Faktor Yang Berhubungan Dengan Penggunaan Kontrasepsi Pada Pasangan Usia Subur Di Wilayah Kerja Puskesmas Naras Kota Pariaman Tahun 2018
Categorie(s):
Laporan Tugas Akhir
Author(s):
Rahmi, Zakiyatur
Advisor:
Noflindaputri, Resty
Juwita, Lisavina
Juwita, Lisavina
ISSN/ISBN:
-
eISSN/eISBN:
-
Volume:
-
Keyword(s):
Pengetahuan, Persepsi, Dukungan Keluarga, Penmggunaan Kontrasepsi.
DOI:
-
Abstract :
Berdasarkan data Dinas Kesehatan Kota Pariaman tahun 2017, didapat jumlah akseptor KB yang aktif adalah sebanyak 6.940 orang dari 11.090 PUS atau sebesar 62,58%. Dari 7 wilayah puskesmas yang ada, Puskesmas Naras memiliki capaian yang terendah, yaitu 831 akseptor dari 1.544 PUS atau 53,82%. Tujuan penelitian ini adalah untuk mengetahui faktor yang berhubungan dengan penggunaan kontrasepsi pada pasangan usia subur di wilayah kerja Puskesmas Naras Kota Pariaman tahun 2018. Penelitian ini adalah penelitian kuantitatif dengan pendekatan analitik. Penelitian ini telah dilaksanakan pada bulan Agustus tahun 2018 di wilayah kerja Puskesmas Naras Kota Pariaman. Populasi adalah pasangan usia subur sebanyak 1.544. Sampel penelitian adalah pasangan usia subur, sampel diambil sebnyak 94 orang dengan teknik random sampling. Hasil penelitian menunjukkan 85% memiliki pengetahuan rendah, 52,5% memiliki prespsi negatif, 60% dukungan keluarga sudah tinggi, 70% tidak menggunakan kontrasepsi.
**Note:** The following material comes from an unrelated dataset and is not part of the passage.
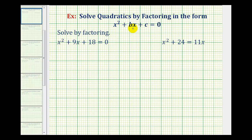Now we'll look at factoring and solving quadratic equations in the form x squared plus bx plus c equals zero. The main thing to recognize here is our leading coefficient is going to be one.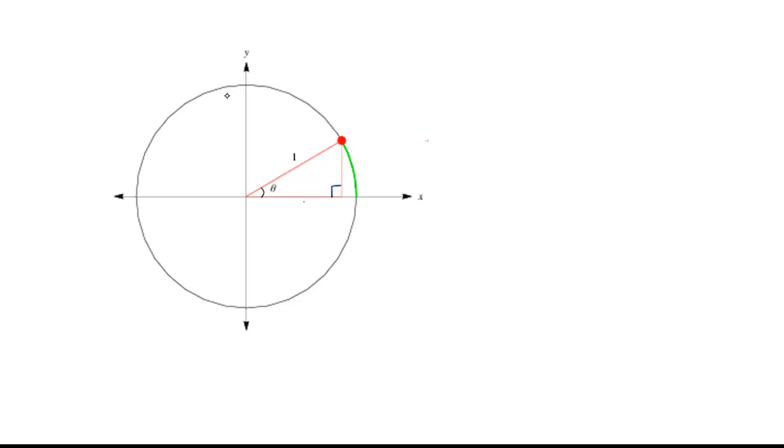Today's lesson is to use trig identities to evaluate trig functions.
Terdapat hubungan yang bermakna antara pengetahuan degan penggunaan kontrasepsi, p value 0,006. Terdapat hubungan yang bermakna antara persepsi dengan penggunaan kontrasepsi, p value 0,009. Tidak terdapat hubungan yang bermakna antra dukungan keluarga dengan penggunaan kontrasepsi, p value 0,729. Dari hasil penelitian ini dapat disimpulkan masih kurangnya minat pasangan usia subur terhadap pemakaian kontrasepsi, dikarenakan ketidaktahuan tentang kontrasepsi dan persepsi yang berbeda-beda terhadap pemakaian kontrasepsi, dan diharapkan kepada petugas kesehatan agar lebih sering melakukan pendekatan dan penyuluhan kepada pasangan usia subur agar berjalan dengan baik program KB tersebut, sehingga dapat menimbulkan minat pasangan usia subur untuk menggunakan kontrasepsi.